Eddie Mawtus
EDWIN MAWTUS was just 18 years old when he perished on a French battlefield, a week before Armistice Day. Now, he is set to be honoured at the church where he went to school as a child, a century on from his death.
His name is one of three inscribed on the alter rail at St John’s Church in Minskip. With just a few months to go until the anniversary of the death of the infantryman, who was known as Eddie to his family and friends, the search is on for the descendants of the two other fallen villagers - Walter Blades and Joseph Crooks.
On November 4, exactly 100 years from Mr Mawtus’s death, Jill Bowes, whose mother was his cousin, will plant a cherry tree in the churchyard at St John’s as part of a service that will commemorate all three of Minskip’s First World War lost. The service starts at 11.00am.
Mrs Bowes, who lives in Scarborough, first discovered Eddie’s name on the alter rail a few years ago, when she visited Minskip while researching her mother’s family tree.
“This beautifully carved feature recognises the men’s sacrifice, their families’ loss and the sorrow of the whole community,” she said.
Her research uncovered that Eddie enlisted into the King’s Own Yorkshire Light Infantry at the age of 18, and in November 1918, when war had raged in Europe for four years, he was deployed to the east of the Western Front in pursuit of enemy troops who were retreating towards the German border.
“The fighting was fierce as the Germans defended their rear flanks in a bid to avoid capture,” Mrs Bowes said. “The facts surrounding Eddie’s death are vague but the fourth of November appears to be the date when he lost his life in the Mormal Forest between Landreices and Le Cateau.”
She visited his grave at Cross Roads Cemetery in the small village of Foutaine-au-Bois in 2015.

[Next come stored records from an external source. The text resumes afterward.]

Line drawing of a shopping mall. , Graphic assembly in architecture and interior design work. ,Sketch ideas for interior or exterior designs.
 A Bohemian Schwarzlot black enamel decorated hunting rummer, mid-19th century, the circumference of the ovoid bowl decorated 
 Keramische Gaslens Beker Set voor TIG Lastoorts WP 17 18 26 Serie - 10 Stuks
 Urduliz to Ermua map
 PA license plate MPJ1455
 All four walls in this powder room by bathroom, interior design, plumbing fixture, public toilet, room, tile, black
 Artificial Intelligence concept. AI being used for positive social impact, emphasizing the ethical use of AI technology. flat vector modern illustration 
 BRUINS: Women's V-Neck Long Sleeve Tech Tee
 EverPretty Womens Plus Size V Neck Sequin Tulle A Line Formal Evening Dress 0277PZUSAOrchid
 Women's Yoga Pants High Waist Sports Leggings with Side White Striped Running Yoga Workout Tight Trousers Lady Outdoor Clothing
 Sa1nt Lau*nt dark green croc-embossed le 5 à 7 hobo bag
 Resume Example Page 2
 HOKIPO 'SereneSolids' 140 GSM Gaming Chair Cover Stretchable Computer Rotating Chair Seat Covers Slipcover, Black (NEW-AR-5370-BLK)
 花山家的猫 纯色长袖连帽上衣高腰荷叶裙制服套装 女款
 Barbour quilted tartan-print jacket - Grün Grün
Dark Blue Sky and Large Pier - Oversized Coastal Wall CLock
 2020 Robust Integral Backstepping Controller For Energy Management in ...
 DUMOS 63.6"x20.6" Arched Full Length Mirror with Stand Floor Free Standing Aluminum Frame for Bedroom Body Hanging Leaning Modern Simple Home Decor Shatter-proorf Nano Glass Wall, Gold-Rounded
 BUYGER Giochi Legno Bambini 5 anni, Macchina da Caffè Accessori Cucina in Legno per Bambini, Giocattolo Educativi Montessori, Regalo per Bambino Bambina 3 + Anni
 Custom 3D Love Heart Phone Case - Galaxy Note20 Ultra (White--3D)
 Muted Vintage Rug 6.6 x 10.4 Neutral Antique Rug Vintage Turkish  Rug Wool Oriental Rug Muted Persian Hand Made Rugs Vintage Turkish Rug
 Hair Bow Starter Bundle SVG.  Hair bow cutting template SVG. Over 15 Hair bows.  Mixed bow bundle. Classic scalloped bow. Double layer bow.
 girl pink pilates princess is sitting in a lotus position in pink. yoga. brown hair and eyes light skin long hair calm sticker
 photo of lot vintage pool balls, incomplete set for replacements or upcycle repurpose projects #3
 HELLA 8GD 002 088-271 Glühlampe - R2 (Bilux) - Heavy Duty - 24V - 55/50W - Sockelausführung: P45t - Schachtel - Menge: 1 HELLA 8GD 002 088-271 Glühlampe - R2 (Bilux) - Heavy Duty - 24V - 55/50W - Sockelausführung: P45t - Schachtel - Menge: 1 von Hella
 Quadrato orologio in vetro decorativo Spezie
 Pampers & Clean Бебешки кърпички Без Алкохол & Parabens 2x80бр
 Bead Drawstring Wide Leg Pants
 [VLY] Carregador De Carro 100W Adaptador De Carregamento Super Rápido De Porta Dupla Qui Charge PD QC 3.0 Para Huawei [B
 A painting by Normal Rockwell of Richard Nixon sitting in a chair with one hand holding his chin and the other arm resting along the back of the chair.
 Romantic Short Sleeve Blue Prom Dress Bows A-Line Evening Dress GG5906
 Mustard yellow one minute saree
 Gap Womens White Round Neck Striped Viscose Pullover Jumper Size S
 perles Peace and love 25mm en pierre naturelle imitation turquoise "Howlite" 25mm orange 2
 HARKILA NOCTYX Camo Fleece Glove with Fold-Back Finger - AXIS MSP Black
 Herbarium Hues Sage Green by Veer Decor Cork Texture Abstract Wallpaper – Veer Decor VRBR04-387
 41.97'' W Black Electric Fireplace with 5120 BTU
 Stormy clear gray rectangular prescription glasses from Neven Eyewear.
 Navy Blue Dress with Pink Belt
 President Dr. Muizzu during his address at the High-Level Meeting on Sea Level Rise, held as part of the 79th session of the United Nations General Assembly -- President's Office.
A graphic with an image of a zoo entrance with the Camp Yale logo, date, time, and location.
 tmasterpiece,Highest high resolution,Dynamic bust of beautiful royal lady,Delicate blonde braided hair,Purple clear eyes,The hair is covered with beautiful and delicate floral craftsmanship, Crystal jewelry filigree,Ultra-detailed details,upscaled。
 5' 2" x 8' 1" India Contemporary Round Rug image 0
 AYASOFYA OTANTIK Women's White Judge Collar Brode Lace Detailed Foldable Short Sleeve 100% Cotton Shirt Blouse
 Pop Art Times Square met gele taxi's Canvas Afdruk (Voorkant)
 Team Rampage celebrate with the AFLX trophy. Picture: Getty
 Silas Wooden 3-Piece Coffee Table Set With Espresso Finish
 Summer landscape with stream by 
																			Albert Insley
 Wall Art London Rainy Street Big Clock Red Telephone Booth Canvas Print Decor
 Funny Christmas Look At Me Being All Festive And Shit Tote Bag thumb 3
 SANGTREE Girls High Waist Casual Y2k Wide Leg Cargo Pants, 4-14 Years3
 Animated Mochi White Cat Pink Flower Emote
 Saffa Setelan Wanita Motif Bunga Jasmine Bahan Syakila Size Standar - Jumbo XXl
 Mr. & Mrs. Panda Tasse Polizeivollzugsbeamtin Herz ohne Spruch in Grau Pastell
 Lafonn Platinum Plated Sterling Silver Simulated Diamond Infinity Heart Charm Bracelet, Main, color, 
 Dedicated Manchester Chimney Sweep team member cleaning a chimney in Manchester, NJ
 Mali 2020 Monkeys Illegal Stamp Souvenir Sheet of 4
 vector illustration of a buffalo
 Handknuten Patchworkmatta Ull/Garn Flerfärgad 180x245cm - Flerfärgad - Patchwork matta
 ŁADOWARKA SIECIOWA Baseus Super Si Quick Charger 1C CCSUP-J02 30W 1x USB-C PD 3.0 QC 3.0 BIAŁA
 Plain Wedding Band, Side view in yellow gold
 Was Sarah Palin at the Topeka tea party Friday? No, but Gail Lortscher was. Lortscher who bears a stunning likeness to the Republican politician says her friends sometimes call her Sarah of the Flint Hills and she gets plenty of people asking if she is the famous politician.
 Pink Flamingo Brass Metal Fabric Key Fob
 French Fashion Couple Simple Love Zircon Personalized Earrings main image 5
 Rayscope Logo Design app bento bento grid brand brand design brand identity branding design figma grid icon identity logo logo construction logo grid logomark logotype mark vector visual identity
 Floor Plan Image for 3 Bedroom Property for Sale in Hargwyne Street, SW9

“It is a beautiful, peaceful place surrounded by flat arable land, pastures and small woods, so much like his environment back home,” she said. “In a nearby cemetery is the grave of Wilfred Owen, the war poet, who died on the same day as Eddie.”
Before it was converted into a church in 1911, St John’s had been home to the village school, where it is believed Mr Mawtus, and possibly Mr Blades and Mr Crooks, would have attended.